Getting Lost in the History of Westminster Abbey

A former cathedral and current church, Westminster Abbey is World Heritage site and the location of the 2011 wedding of Catherine Middleton, Duchess of Cambridge and Prince William. The historic landmark is a spectacular building and iconic sight within central London.

Getting to the Abbey

Westminster Abbey is located in central London along with many of London’s top spots. On the day I toured the landmark, I also went to see nearby Big Ben, the Eye of London, and Buckingham Palace. The abbey opens at around 9 a.m. every day except Sunday. If you are there the second it opens, the experience improves greatly. About twenty minutes after we arrived at Westminster Abbey, a gigantic group of school girls from Japan flooded the abbey.

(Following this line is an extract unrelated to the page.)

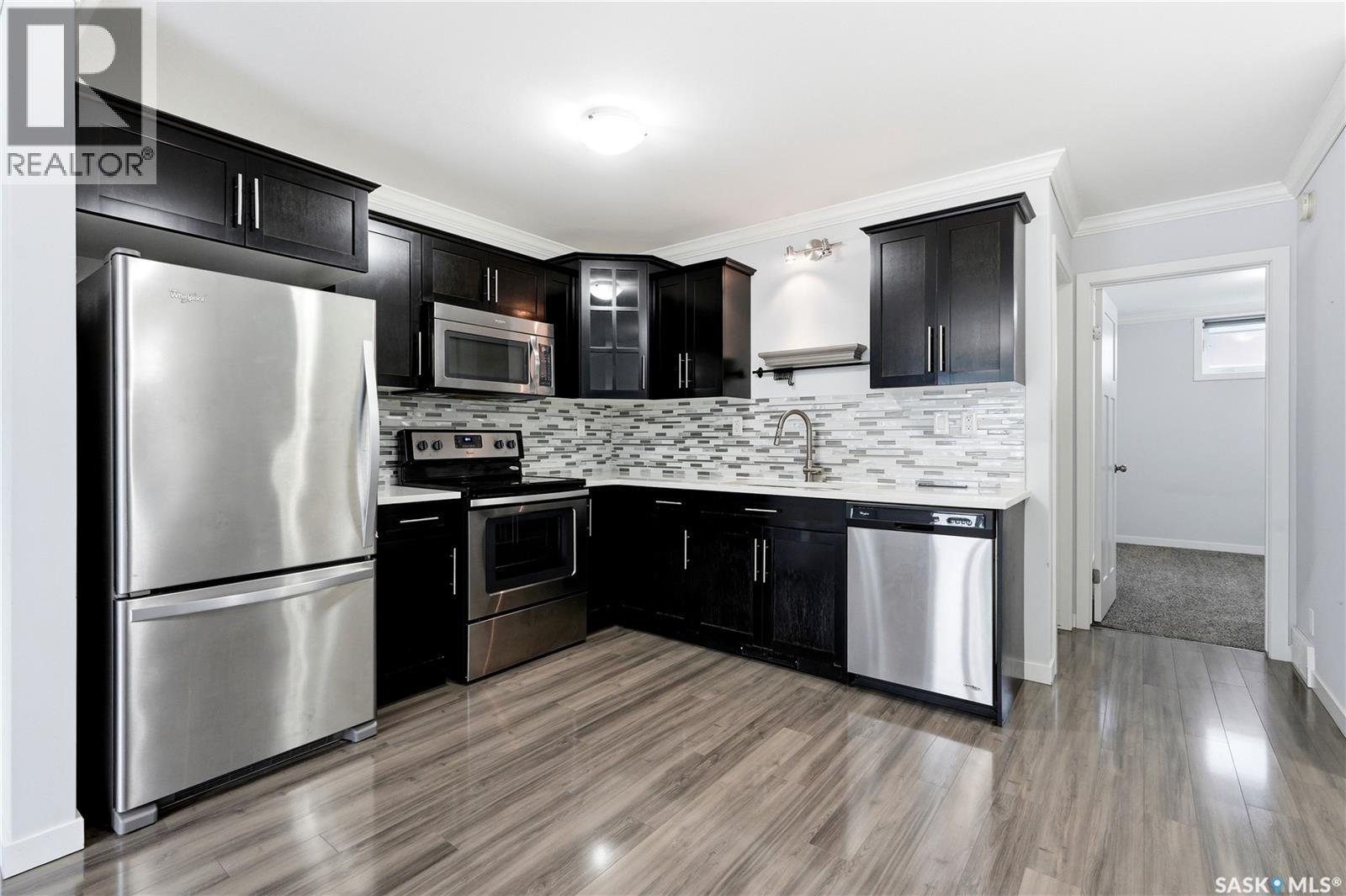 321 620 Cornish Road, Saskatoon, SK - Indoor Photo Showing Kitchen With Stainless Steel Kitchen With Upgraded Kitchen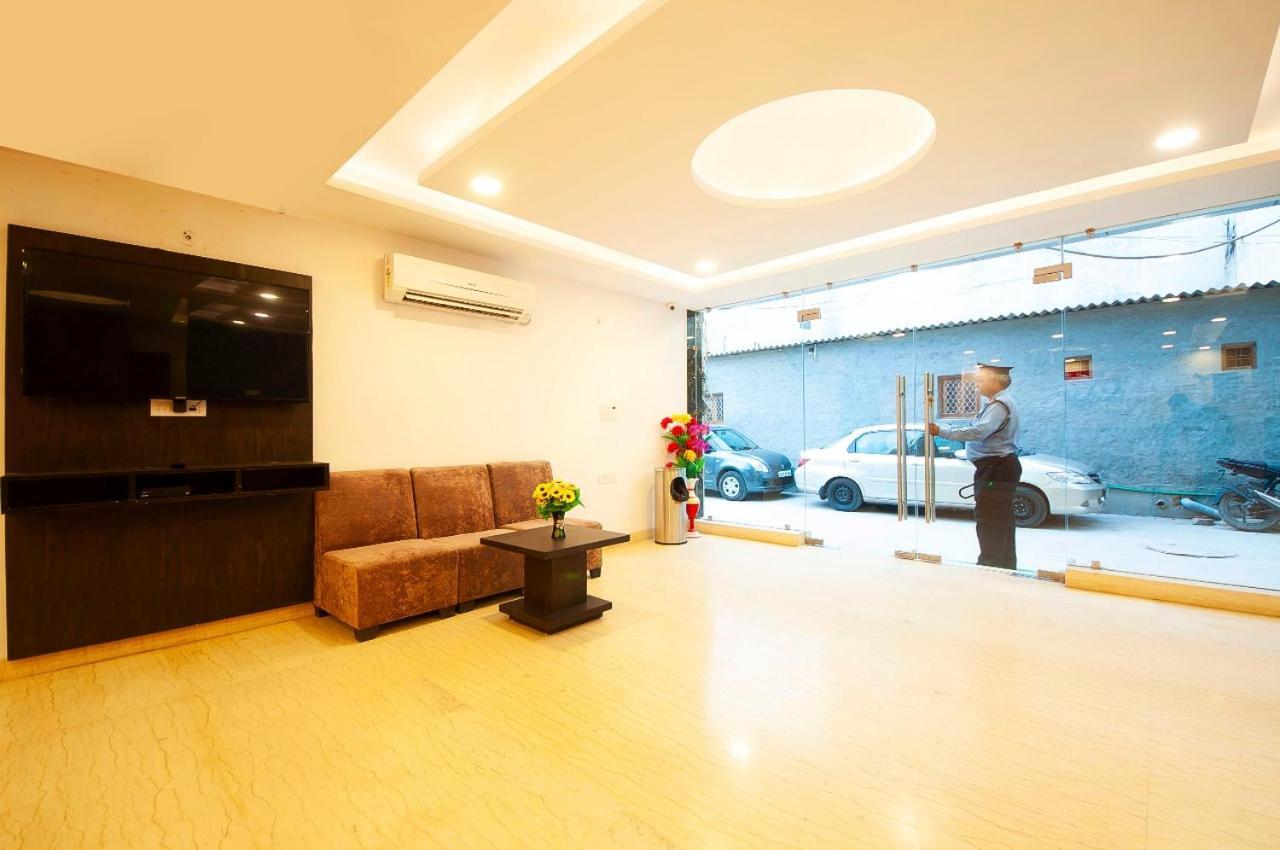 Hotel Belwood Suites - Near New Delhi Airport ภายนอก รูปภาพ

An early start is invaluable if you truly want ot experience the rich history of Westminster.

A Storied Past

Westminster Abbey was started by Queen Elizabeth I in 1560 A.D. For a very short period of time from 1546 to 1556, the Abbey was actually considered a cathedral. The first incarnation of the abbey was back in the days of Mellitus around 600 A.D. Mellitus was the Bishop of London at the time and according to tradition, a fisherman saw Saint Peter at the site. In later years, fishermen would often bring gifts of fish over to the site every year. The building of the present church officially began in 1245 by King Henry III.

The Abbey was used as the coronation site of the Norman Kings. Although it has continued in this tradition, the tradition of having royalty buried here did not start until Henry III.

Sights to See

While you are at Westminster Abbey, take advantage of the free audio tour tracks. Although you have to pay around 16 pounds to go into the abbey, the audio tour is free. As you go to each of the numbers, listen to the corresponding track on the audio tape. The history and details it offers are a great way to gain insight into the abbey and the various shrines and burial sites. Also, make sure to check out poet’s corner. Memorial stones and statues stand for all of the great poets in England’s history. Among the most famous poets would be William Shakespeare, Mary Shelley, and Lord Alfred Tennyson. At certain times of the year, visitors can also go through the small convent area in the back of the abbey and look at the actual rooms. Since many of these are currently occupied by the monks and docents of the abbey, visitors can not always check out this great part of Westminster Abbey’s history.